As we divided whole city into segments, we also have divided time bin into parts.
As we know that we are dealing with time series data. we have to consider statistic terminological based model.
- Simple Moving Average
- Weighted Moving Average
- Exponential Weighted Moving Averages
As we know that it is Time Series problem we cannot randomize the data, 70% data will use for training and 30% data we will use as test data.
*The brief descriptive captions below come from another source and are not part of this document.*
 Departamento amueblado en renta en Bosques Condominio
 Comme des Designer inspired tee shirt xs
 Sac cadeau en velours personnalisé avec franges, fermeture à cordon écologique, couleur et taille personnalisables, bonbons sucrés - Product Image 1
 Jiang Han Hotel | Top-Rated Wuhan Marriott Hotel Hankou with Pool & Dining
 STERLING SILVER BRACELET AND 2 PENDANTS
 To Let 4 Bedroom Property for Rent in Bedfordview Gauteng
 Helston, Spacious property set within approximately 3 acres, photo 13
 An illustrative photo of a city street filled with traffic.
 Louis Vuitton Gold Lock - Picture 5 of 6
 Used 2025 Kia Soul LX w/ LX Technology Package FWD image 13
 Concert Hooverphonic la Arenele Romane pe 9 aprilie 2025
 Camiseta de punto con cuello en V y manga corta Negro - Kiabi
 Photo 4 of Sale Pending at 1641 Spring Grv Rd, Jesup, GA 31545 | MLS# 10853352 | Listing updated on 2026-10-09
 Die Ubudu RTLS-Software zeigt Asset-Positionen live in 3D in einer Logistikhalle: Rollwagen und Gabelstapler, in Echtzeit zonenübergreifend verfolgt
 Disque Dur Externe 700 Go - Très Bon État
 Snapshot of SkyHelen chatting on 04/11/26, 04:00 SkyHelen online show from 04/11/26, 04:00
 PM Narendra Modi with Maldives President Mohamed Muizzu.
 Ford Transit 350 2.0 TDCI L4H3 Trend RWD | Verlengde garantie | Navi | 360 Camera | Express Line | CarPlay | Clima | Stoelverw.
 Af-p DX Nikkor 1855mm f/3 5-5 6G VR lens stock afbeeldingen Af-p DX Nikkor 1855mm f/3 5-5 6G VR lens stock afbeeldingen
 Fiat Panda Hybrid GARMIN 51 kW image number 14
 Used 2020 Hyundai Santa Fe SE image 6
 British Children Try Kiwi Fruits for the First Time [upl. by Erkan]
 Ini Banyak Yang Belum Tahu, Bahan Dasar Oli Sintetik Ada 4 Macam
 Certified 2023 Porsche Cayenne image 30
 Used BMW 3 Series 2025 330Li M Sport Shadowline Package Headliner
Exponential Model MAPE : 0.1349
Liner Regression MAPE : 0.13468
Random Forest MAPE: 0.13438
XGBoost MAPE : 0.1392
Holt Winter forecasting
Then we used "Triple Exponential Smoothing" and then again train on Random Forest and XGBOOST.
Random Forest MAPE: 0.04657
XGBoost MAPE : 0.02932
- Holt-Winter forecasting, triple exponential forecasting is tremendous feature for this task. Even hyperparam tunig in holt winter is also crucial. It reduce MAPE to 0.02 which is brillint.
- Without Holt-Winter feature, MAPE value was not reducing more than 13. Even with LSTM model.